Sur les marchés financiers, on a besoin d'un actif de référence. Est-ce que les obligations vertes de l'État jouent aujourd'hui ce rôle pour pricer le reste des actifs ? Est-ce que leur volume est suffisant pour assurer cette fonction ?
Thierry Déau nous a rappelé que la finance durable, ce n'est pas seulement le verdissement de l'économie. Existe-t-il d'autres mécanismes, d'autres produits qui donneraient une vision plus complète, en couvrant à la fois la partie verte et la partie sociale ? Quelles sont les innovations envisagées dans ce domaine ?
Sur les marchés « classiques », l'Autorité des marchés financiers (AMF) et l'Autorité de contrôle prudentiel et de résolution (APCR) sont là pour vérifier que les choses se passent bien.
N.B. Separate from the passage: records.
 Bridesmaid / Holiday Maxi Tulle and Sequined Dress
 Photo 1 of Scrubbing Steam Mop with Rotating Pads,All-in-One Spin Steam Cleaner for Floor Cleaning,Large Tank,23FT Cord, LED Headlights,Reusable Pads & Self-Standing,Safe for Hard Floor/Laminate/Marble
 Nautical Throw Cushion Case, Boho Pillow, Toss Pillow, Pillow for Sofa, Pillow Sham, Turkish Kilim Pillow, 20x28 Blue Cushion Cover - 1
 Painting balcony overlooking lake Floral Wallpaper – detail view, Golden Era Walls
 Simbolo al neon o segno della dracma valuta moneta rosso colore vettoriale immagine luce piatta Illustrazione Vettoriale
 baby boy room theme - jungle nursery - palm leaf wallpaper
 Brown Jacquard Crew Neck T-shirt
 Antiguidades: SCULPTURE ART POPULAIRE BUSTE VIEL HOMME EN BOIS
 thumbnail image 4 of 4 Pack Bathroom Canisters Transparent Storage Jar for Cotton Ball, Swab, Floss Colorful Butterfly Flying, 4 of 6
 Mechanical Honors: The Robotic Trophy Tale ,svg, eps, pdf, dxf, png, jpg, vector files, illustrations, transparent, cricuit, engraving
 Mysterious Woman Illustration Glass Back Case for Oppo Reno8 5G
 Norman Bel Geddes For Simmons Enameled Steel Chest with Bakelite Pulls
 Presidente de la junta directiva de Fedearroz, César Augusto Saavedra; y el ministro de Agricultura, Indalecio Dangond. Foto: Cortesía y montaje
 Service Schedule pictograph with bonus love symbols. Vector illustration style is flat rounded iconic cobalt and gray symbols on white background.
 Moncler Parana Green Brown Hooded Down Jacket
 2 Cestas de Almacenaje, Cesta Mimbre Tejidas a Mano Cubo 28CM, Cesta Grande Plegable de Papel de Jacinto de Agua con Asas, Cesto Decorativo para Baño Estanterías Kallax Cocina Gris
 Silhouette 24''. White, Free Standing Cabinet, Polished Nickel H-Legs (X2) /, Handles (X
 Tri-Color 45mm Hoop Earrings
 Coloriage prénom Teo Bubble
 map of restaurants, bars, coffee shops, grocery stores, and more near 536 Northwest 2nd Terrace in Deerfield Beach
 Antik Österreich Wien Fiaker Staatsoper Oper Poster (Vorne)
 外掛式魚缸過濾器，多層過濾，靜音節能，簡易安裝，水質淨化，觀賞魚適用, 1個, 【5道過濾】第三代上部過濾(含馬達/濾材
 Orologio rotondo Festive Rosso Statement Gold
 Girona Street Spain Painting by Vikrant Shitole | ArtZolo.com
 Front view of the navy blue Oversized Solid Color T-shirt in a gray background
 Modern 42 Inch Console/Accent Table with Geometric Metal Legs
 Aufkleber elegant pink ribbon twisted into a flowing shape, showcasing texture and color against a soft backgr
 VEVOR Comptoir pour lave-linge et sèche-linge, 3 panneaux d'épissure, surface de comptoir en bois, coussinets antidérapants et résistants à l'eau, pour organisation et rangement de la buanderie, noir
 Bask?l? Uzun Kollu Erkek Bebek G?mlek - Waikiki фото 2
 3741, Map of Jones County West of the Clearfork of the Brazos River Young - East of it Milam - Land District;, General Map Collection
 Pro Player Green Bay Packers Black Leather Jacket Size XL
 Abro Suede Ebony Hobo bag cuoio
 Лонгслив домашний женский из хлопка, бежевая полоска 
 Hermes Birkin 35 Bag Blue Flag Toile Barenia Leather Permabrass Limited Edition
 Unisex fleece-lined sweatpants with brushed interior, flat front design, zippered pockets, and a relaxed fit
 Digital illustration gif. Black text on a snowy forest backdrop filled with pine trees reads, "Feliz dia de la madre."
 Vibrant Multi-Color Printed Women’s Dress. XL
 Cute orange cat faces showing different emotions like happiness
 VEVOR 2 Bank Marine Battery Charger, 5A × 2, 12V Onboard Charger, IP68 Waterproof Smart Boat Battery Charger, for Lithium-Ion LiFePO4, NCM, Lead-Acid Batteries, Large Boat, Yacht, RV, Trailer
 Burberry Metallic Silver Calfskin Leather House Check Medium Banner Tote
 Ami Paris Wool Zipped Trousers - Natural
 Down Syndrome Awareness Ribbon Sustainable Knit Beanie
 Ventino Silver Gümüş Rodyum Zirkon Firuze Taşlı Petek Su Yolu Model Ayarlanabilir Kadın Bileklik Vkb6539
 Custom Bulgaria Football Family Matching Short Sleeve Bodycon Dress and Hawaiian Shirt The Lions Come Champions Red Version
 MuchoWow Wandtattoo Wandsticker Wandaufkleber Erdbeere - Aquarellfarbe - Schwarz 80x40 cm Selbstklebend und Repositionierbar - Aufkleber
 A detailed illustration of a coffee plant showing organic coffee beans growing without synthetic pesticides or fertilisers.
En matière de finance durable, qui doit contrôler, qui doit poser les normes et comment ?
Récemment, OFI Asset Management, un gestionnaire d'actifs engagé dans la finance responsable, s'est publiquement déclaré contre la stratégie climat de Total, en se disant particulièrement inquiet de noter les projections à la hausse du groupe dans le secteur gazier. Le 28 mai prochain, Total présentera en effet pour la première fois une résolution sur le climat à ses actionnaires. Une partie de ces derniers s'élèverait contre cette stratégie, qu'ils ne trouveraient pas suffisamment ambitieuse puisqu'elle laisse une part prépondérante aux énergies fossiles, gaz et pétrole. Il y a eu un embryon de réponse par le marché financier, à travers la réaction publique d'OFI Asset Management, mais c'est une démarche assez solitaire.
Pour ma part, il me semble que le marché ne peut pas tout. En matière de biodiversité, l'idéologie de marché croit résoudre le problème en donnant un prix à la nature, pour la préserver. Seulement, ce n'est pas en affectant un prix à des biens non marchands qu'on pourra lutter contre les effets destructeurs de l'exploitation d'un site de gisement, comme on le voit avec la destruction des forêts primaires au Canada ou au Brésil par exemple.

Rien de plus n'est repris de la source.